さらに、キャリア自体の耐久性を向上させるため、特許文献2には、磁性樹脂被覆キャリアが提案されている。この磁性樹脂被覆キャリアは、キャリア芯材の表面に坦持された触媒を利用して、キャリア芯材表面上でエチレンモノマーを直接重合して得られた高分子量ポリエチレン樹脂からなる被覆層を設けている。そのため、得られたポリエチレン被覆層は、優れた強度を有し、しかも、適当な弾性力を有していて、攪拌等の衝撃力を吸収できるため、優れた耐久性が得られるものである。
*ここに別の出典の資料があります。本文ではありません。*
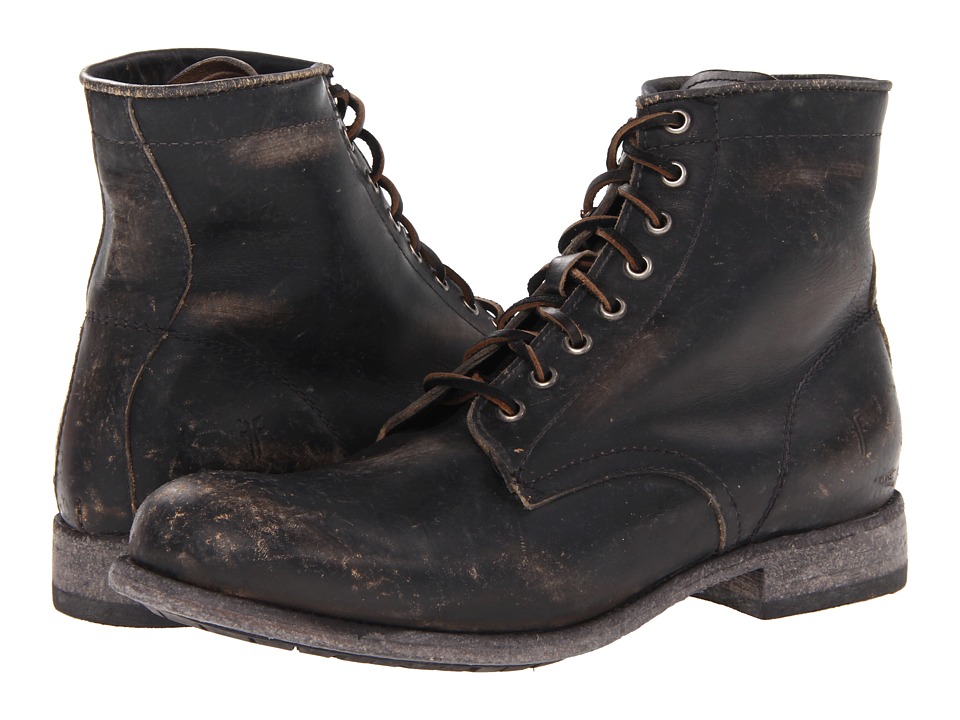 frye tyler lace up black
しかしながら、従来使用されている磁性粉体キャリア自体は、体積抵抗値が小さい上、耐湿性に乏しく、帯電不良が発生しやすいという問題が見られた。また、磁性粉体キャリアは、重量が大きいため、現像器内での攪拌による衝撃によってトナー成分がキャリアに付着してスペントが生じ易く、そのためキャリアの帯電能力が低下して一層帯電不良が発生しやすいという問題が見られた。
さらに、一旦帯電不良が発生すると、トナーを安定して搬送することが困難となり、トナーが機内に飛散して可視像の白地部が汚れるカブリが発生し易くなる上、画像濃度の低下等の悪影響を与えるという問題が見られた。
また、特許文献1に開示された現像剤は、磁性粉体キャリアと、磁性樹脂キャリアとを併用しているものの、当該磁性樹脂キャリアは、磁性粒子と、バインダー樹脂との間の結合性に乏しいため、長期間使用した場合に、バインダー樹脂が剥離しやすいという問題点が見られた。また、磁性樹脂キャリアは、比重が小さく、しかも重量あたりの電荷(比電荷Q/M)が大きいため、キャリア引きが発生しやすいという問題も見られた。
このため、安定して画像形成を行い、現像剤の長寿命化を図るためには、磁性樹脂キャリアの配合比を低くしなければならなかった。したがって、磁性粉体キャリアの配合比が多くなるため、カラートナーと併用した場合に、得られるカラー画像の発色性を低下させやすいという問題が見られた。すなわち、磁性粉体キャリアは黒色性が高いため、磁性粉体キャリアの配合比が高い場合にキャリア引きが発生すると、カラー画像のうち、特に黒色以外の色の部分で、キャリアが目立ったり、色が濁りやすくなるのであった。
さらに、特許文献2に開示された磁性樹脂被覆キャリア自体は黒色性が低いため、カラートナーと併用した場合であっても、得られる画像の発色性を低下させることは少ないものの、単独ではコストが比較的高く、得られる現像剤も高価になりやすかった。また、磁性樹脂被覆キャリアは、磁性粉体キャリアと比較して、トナーへの帯電賦与力が若干低いという問題も見られた。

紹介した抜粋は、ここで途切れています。